Hello Forest County Residents!
For the next few weeks I will be featuring stories about The Hotel Crandon to prepare everyone for the big event on February 21st. I encourage everyone to purchase tickets at the library for:”Take a Step back in Time: The Hotel Crandon’s 85th Anniversary”. There will be authentic 1930’s food, drinks, music, costumes, and historical tours of the basement. All the proceeds from the event will be given to the Crandon Public Library.
When The Hotel Crandon first opened its doors the selling alcohol was illegal in the United States of America. For over three years this business functioned as a coffee shop and restaurant rather than a bar. But when the 21st Amendment was enacted in December of 1933 two business owners in Crandon were ready for the tavern business. Art McMillion, owner of The Crandon Hotel, and Tom Fannin filed their applications for tavern licenses which were received by the City Council.

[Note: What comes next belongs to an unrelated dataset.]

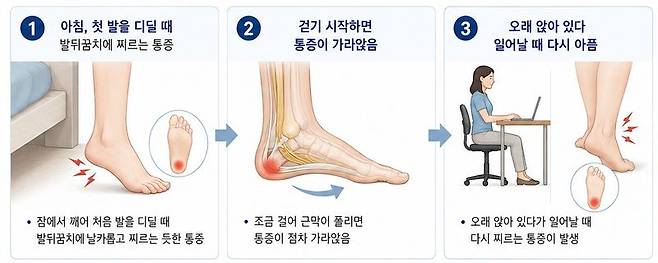 족저근막염의 주요 증상 세 가지. /사진=파이낸셜뉴스 [AI생성 이미지 - ChatGPT]
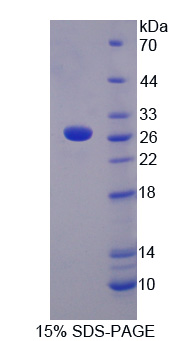 Recombinant C Reactive Protein (CRP)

Tom Fannin was quoted by the Forest Republican saying “I will have real beer about tomorrow noon. I will have all the popular brands of bottle beer and it will sell for 10 cents a glass or 20 cents a bottle” (Forest Republican).
Art McMillion said “I expect to have real beer on sale at 8 o’clock tomorrow morning. Besides Miller, Blatz, Oshksoh and Manitowoc bottle beer, keg beer will also be on tap for patrons. We will have to get 20 cents a bottle” (Forest Republican). The business men expected a rush of business with the first legal beer in years but promised to have enough beer to satisfy everyone’s thirst (Forest Republican).
This is just another reason that The Crandon Hotel is a historic landmark and an iconic piece of Forest County history. The sale of legal alcohol was a big deal in Forest County because many residents had been making and selling illegal spirits for years. It was way for people to make a living during the depression. But it was dangerous business because a person could be arrested and the stills could be destroyed. Not to mention the dangers of selling to gangters in the larger cities like Milwaukee and Chicago.